Work request: Transcribed word for word, the lines below from the one with "Photo 5 of 52" through the last line of the records form the answer; no picture is to be included.

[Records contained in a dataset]

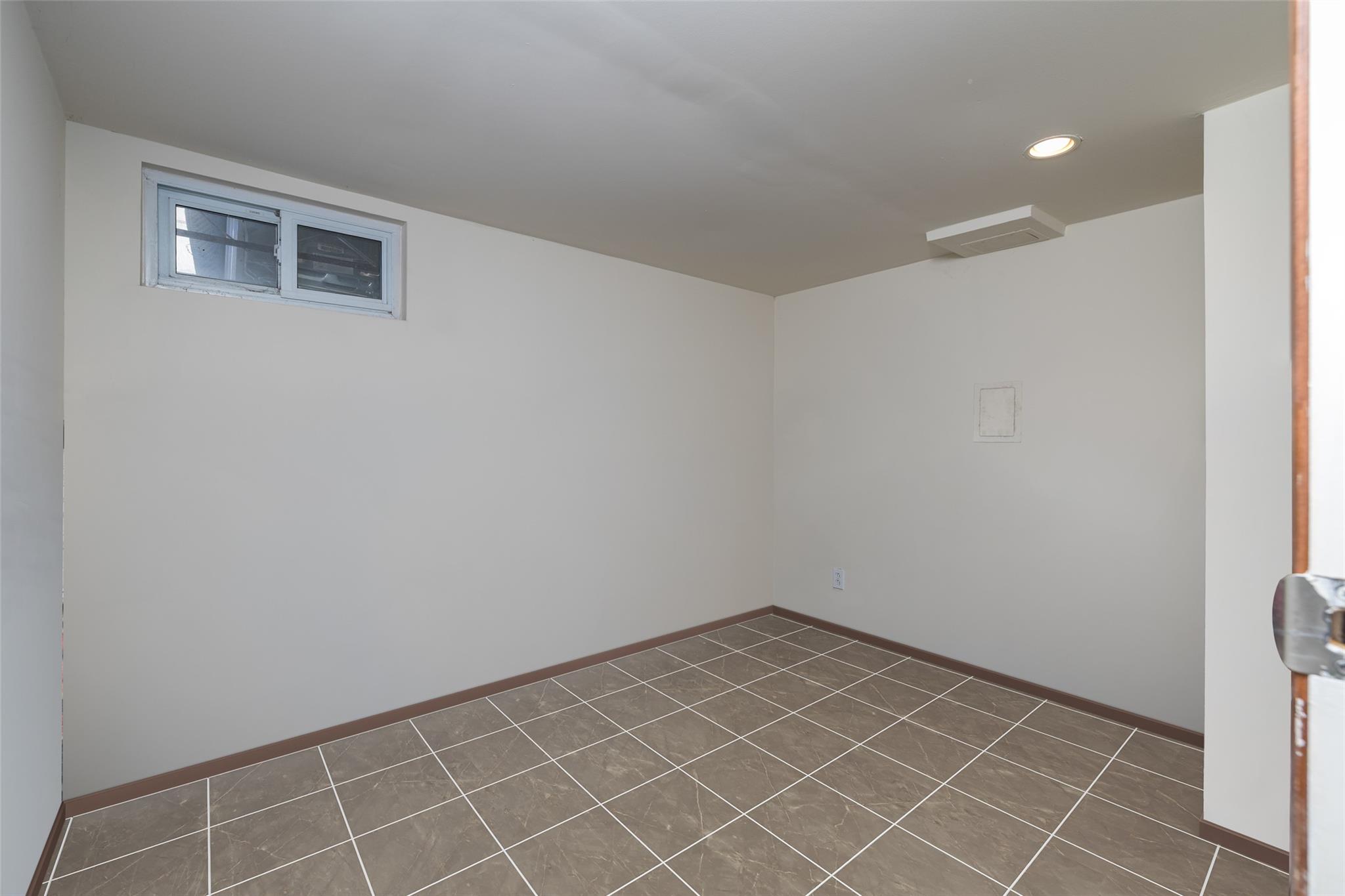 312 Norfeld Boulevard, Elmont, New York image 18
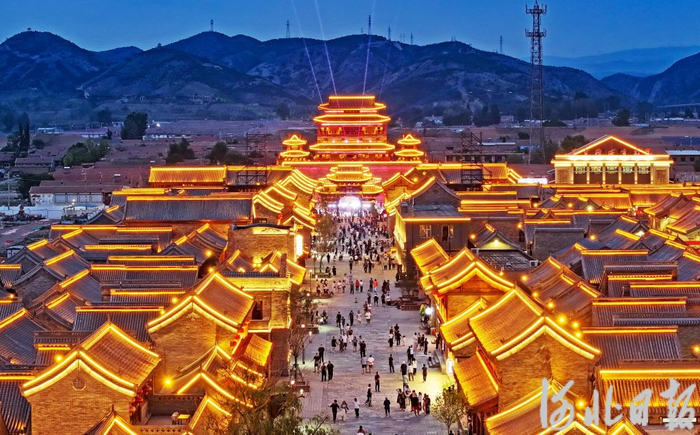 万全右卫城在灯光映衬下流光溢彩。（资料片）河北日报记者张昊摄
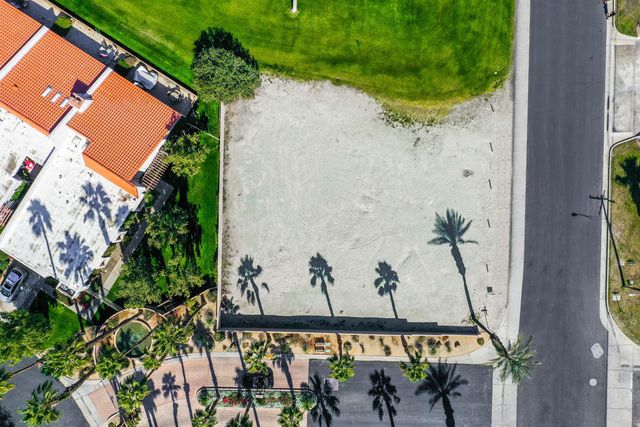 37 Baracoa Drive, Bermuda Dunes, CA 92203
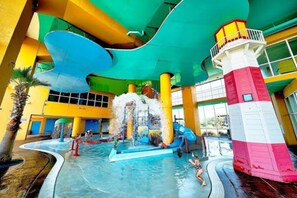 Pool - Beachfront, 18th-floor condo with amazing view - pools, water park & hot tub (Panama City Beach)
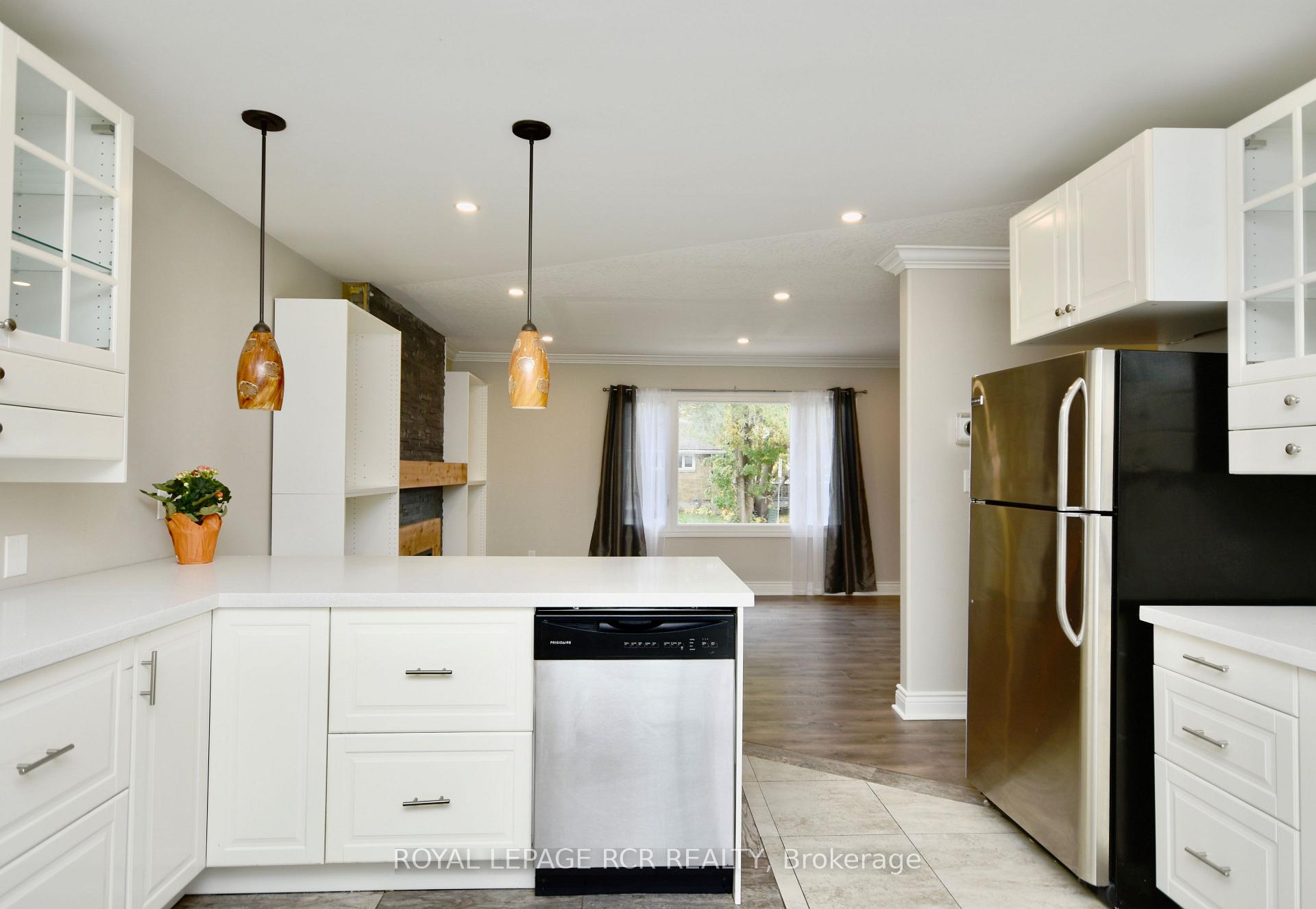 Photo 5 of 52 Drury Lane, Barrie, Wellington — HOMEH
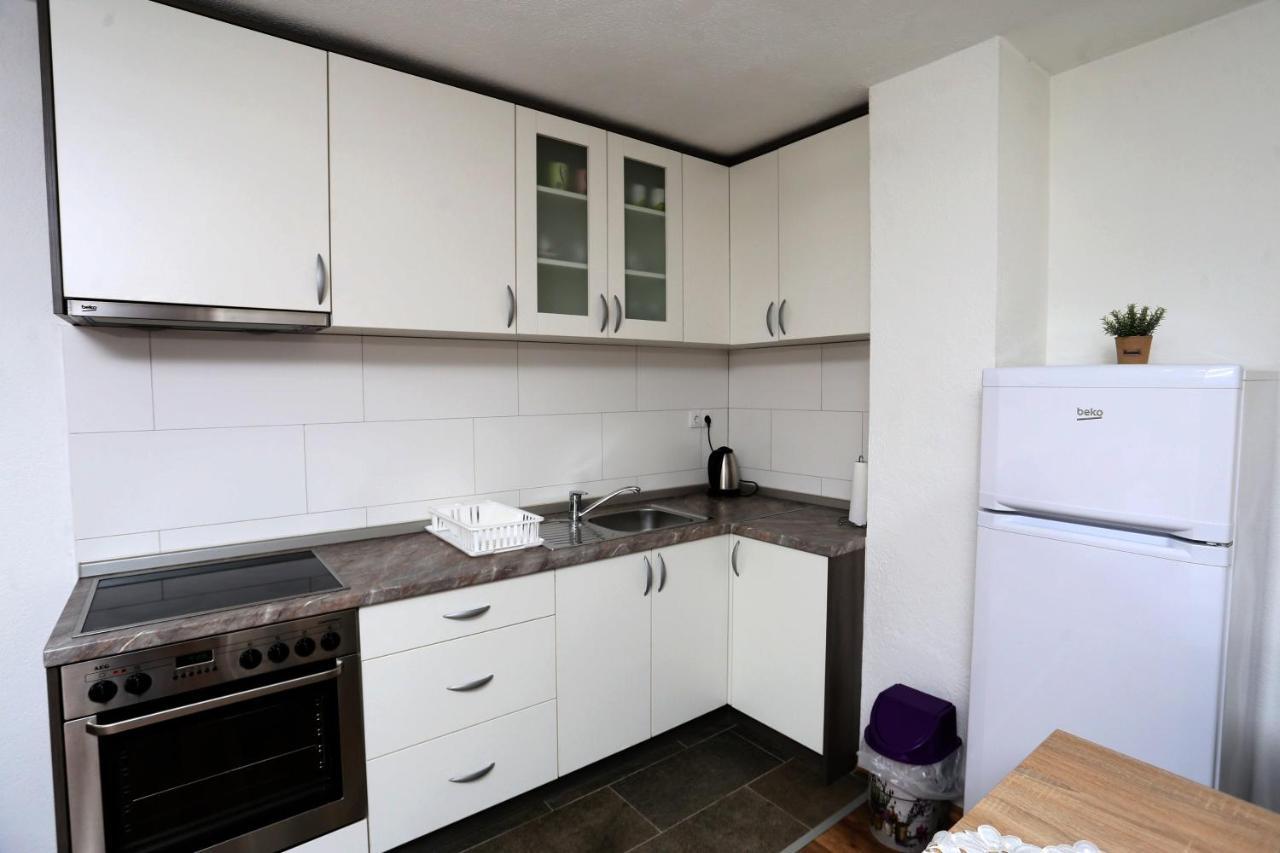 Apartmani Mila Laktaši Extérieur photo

Response to the exercise:
 Photo 5 of 52 Drury Lane, Barrie, Wellington — HOMEH
 Apartmani Mila Laktaši Extérieur photo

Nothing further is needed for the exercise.